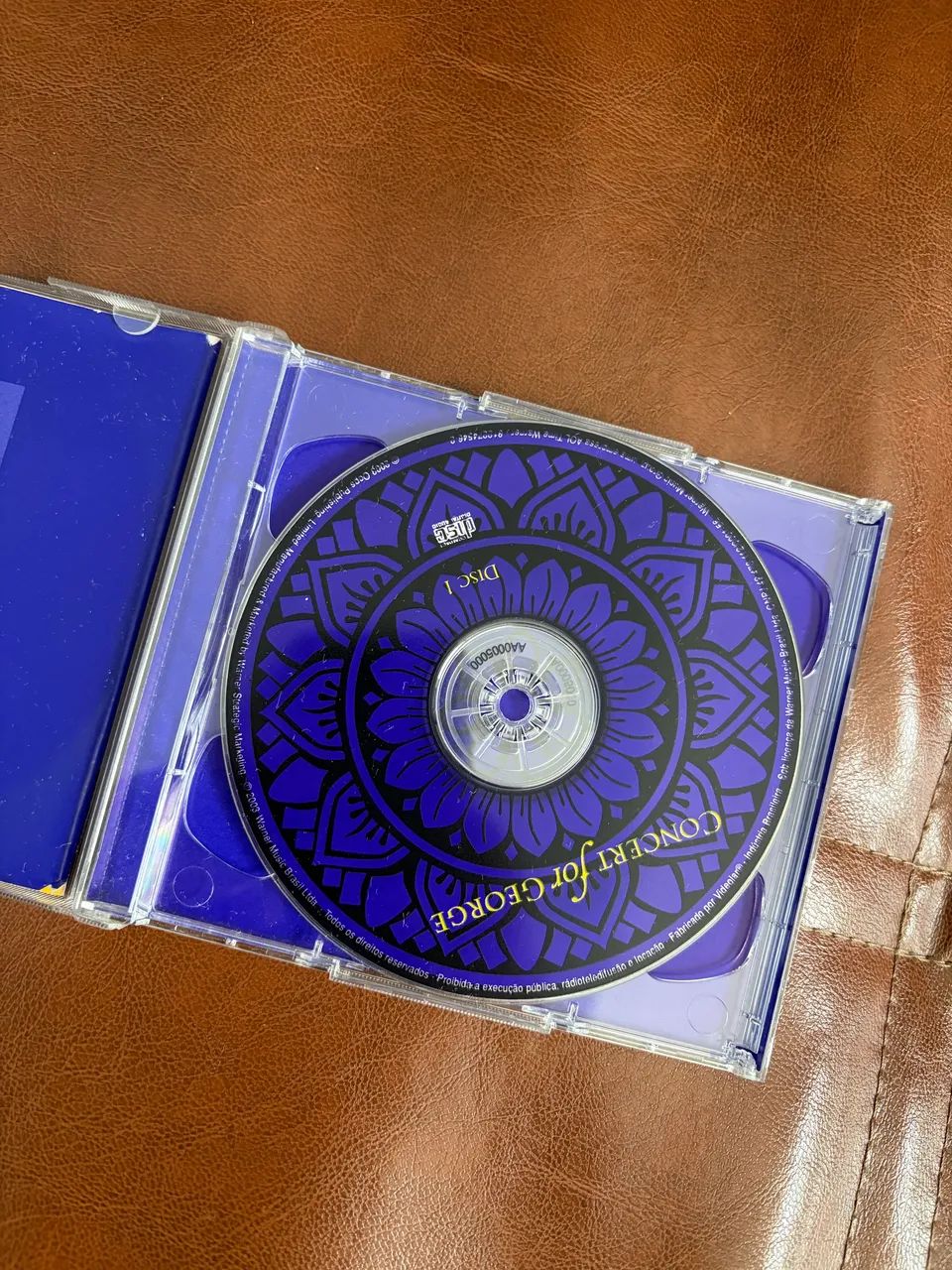 CD Duplo - George Harrison Concert for George - Foto 4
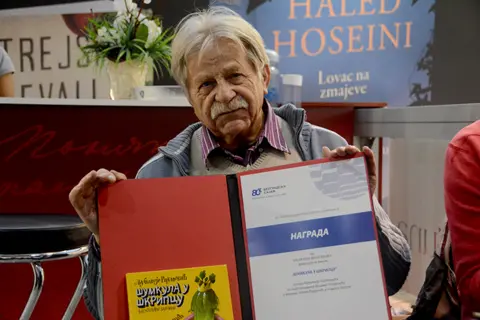 Nagrade Sajma knjiga za Ljubivoja Ršumovića, Dušana Petričića i Slavimira Stojanovića - slika 1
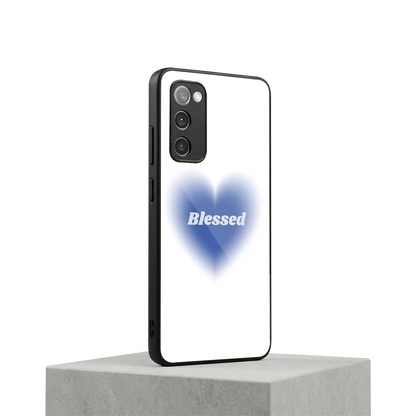 Blessed samsung galaxy s20 fe mobile cover | shockproof glass phone case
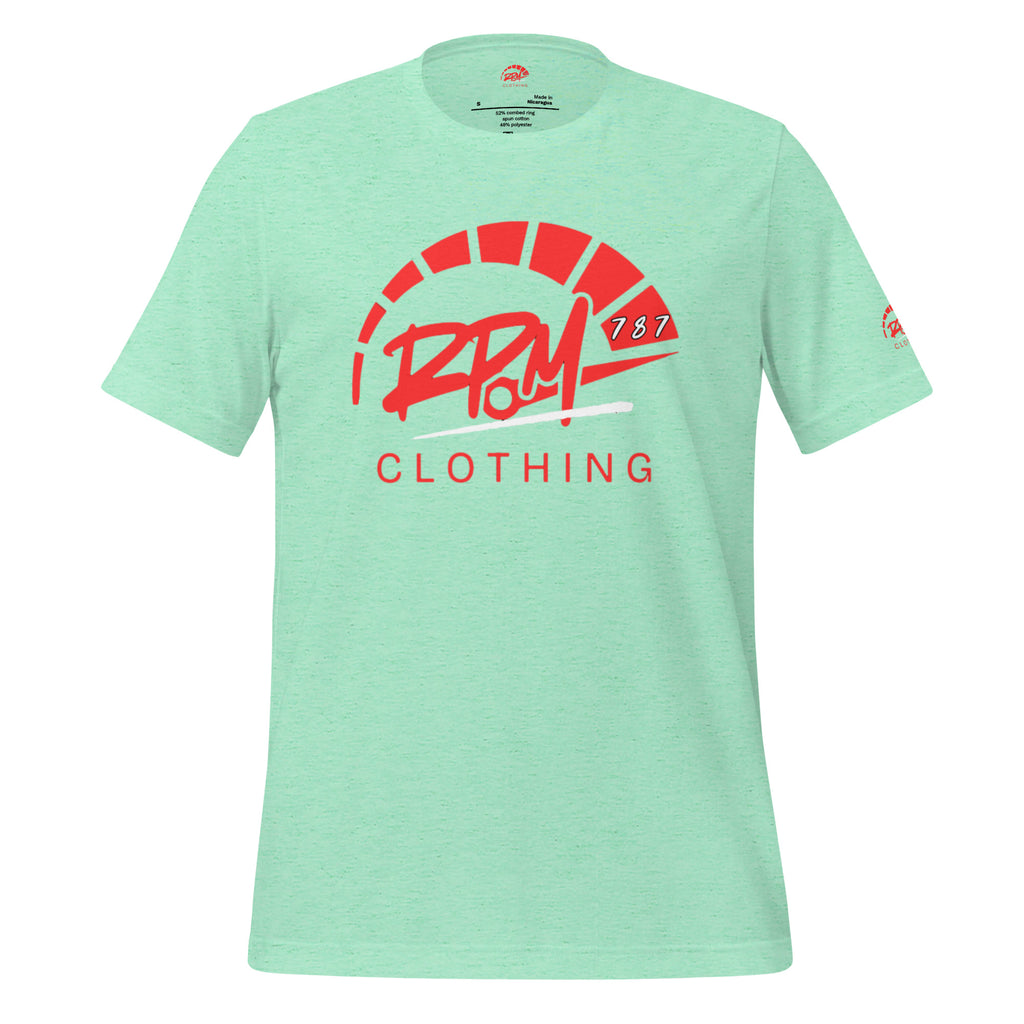 RPM 787 Unisex Tee (Light) - RPM 787 Clothing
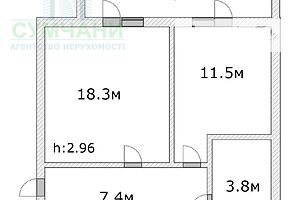 Продажа однокомнатной квартиры в Сумах, на ул. Садовая, район Ковпаковский фото 2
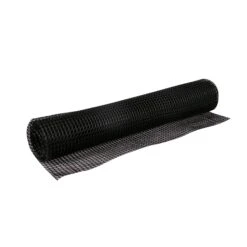 CARLISLE San Jamar® UL5105 Ultraliner Black 2' X 10' Shelf Liner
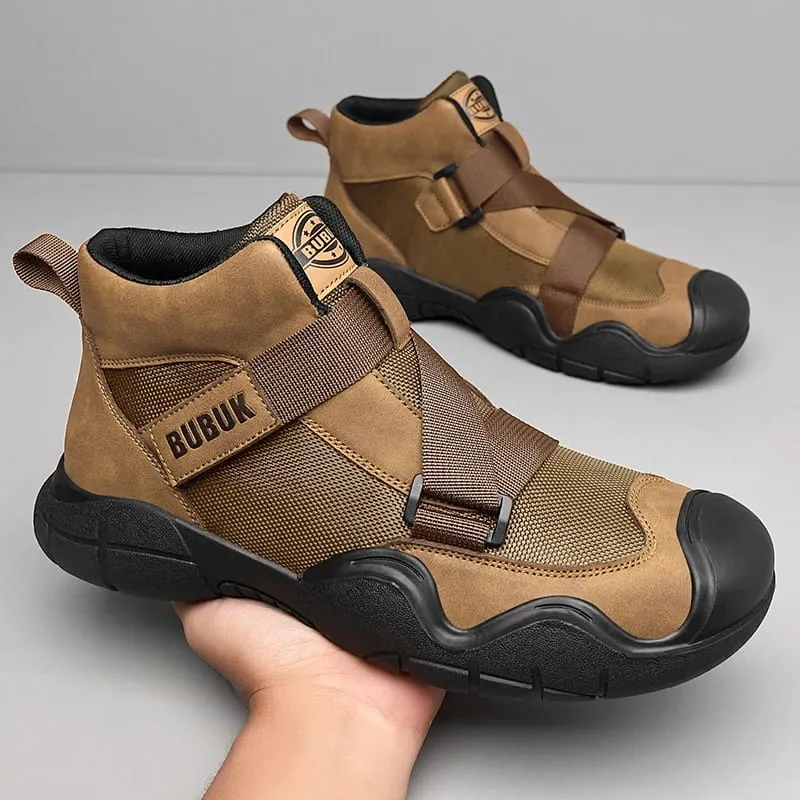 Men's Shoes Autumn and Winter Men's Business Casual Shoes New Outdoor Hiking Sports Shoes Youth Basketball Shoes Casual Trendy Shoes Fashion Short Boots — image 6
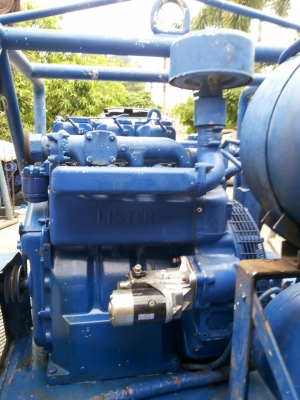 ขายเครื่องปั้มไฮโดรลิค LISTER 3 สูบ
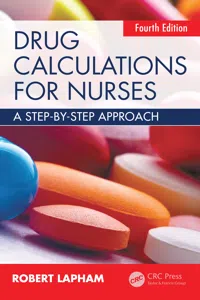 Drug Calculations for Nurses_cover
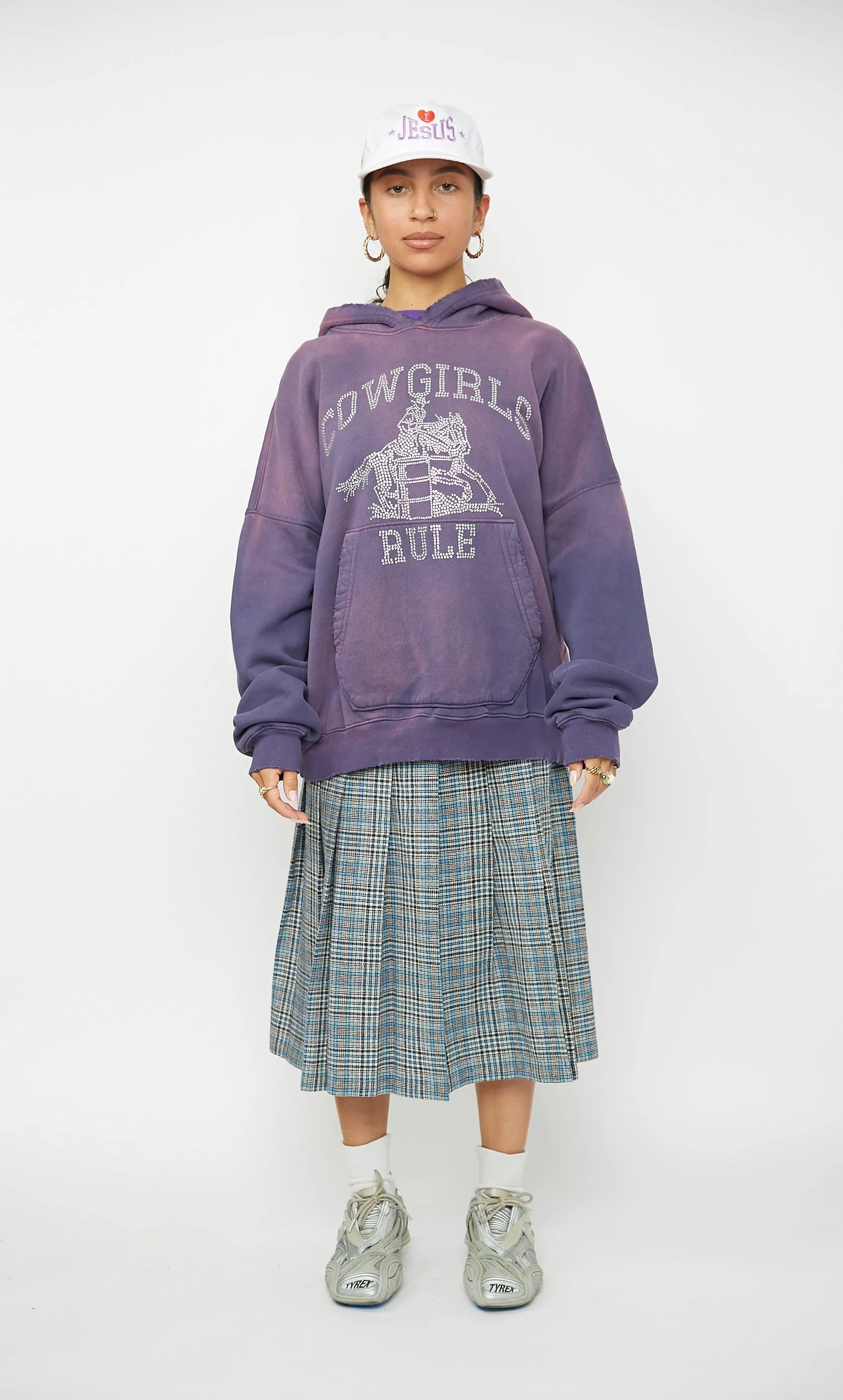 SWAROVSKI COWGIRLS RULE HOODIE (PRE-ORDER)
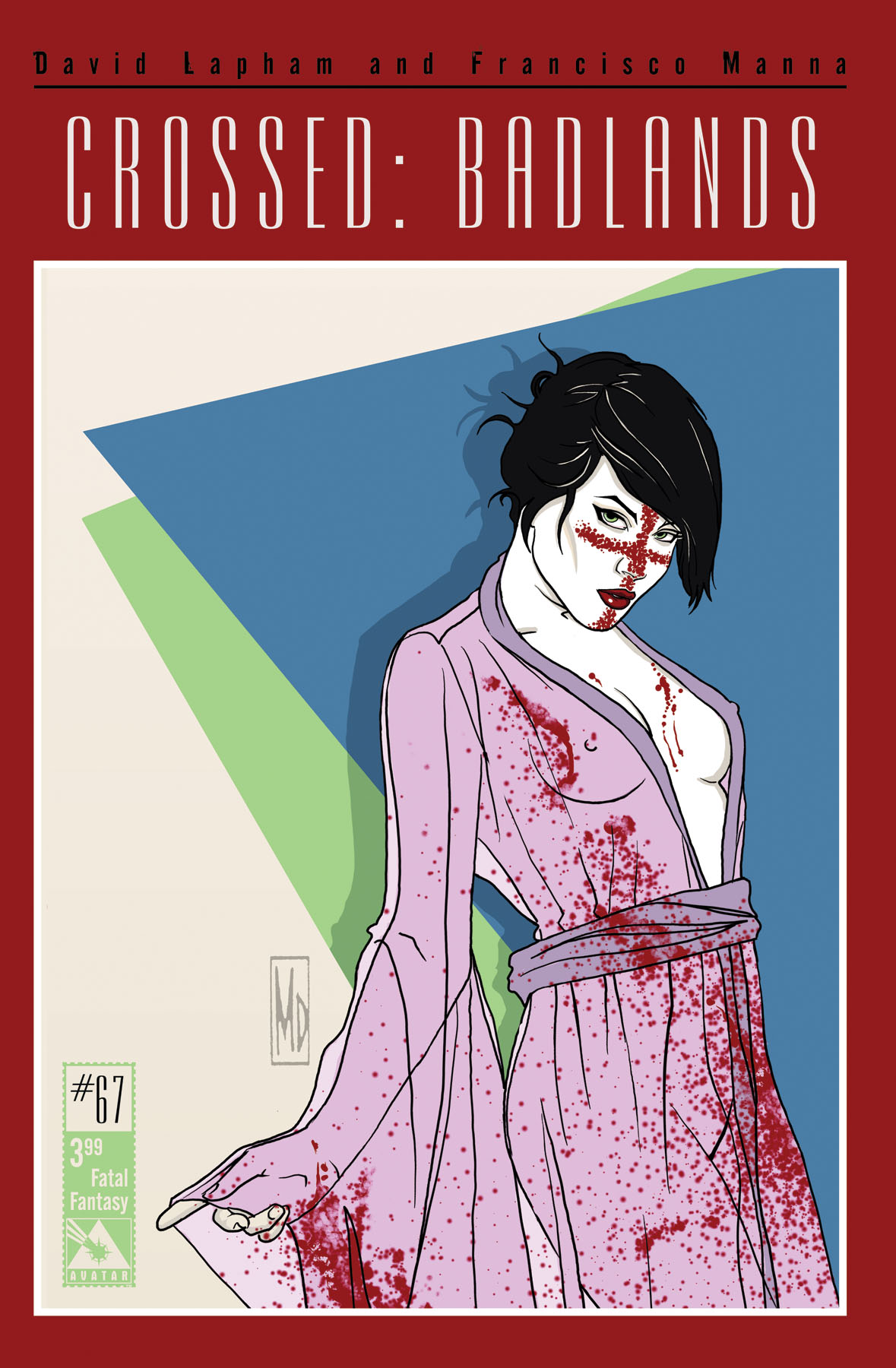 Read online Crossed: Badlands comic -  Issue #67 - 2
────────
▸ REQUIREMENT
Leave out the pictures and transcribe the entries above exactly.

▸ YOUR RESPONSE
 CD Duplo - George Harrison Concert for George - Foto 4
 Nagrade Sajma knjiga za Ljubivoja Ršumovića, Dušana Petričića i Slavimira Stojanovića - slika 1
 Blessed samsung galaxy s20 fe mobile cover | shockproof glass phone case
 RPM 787 Unisex Tee (Light) - RPM 787 Clothing
 Продажа однокомнатной квартиры в Сумах, на ул. Садовая, район Ковпаковский фото 2
 CARLISLE San Jamar® UL5105 Ultraliner Black 2' X 10' Shelf Liner
 Men's Shoes Autumn and Winter Men's Business Casual Shoes New Outdoor Hiking Sports Shoes Youth Basketball Shoes Casual Trendy Shoes Fashion Short Boots — image 6
 ขายเครื่องปั้มไฮโดรลิค LISTER 3 สูบ
 Drug Calculations for Nurses_cover
 SWAROVSKI COWGIRLS RULE HOODIE (PRE-ORDER)
 Read online Crossed: Badlands comic -  Issue #67 - 2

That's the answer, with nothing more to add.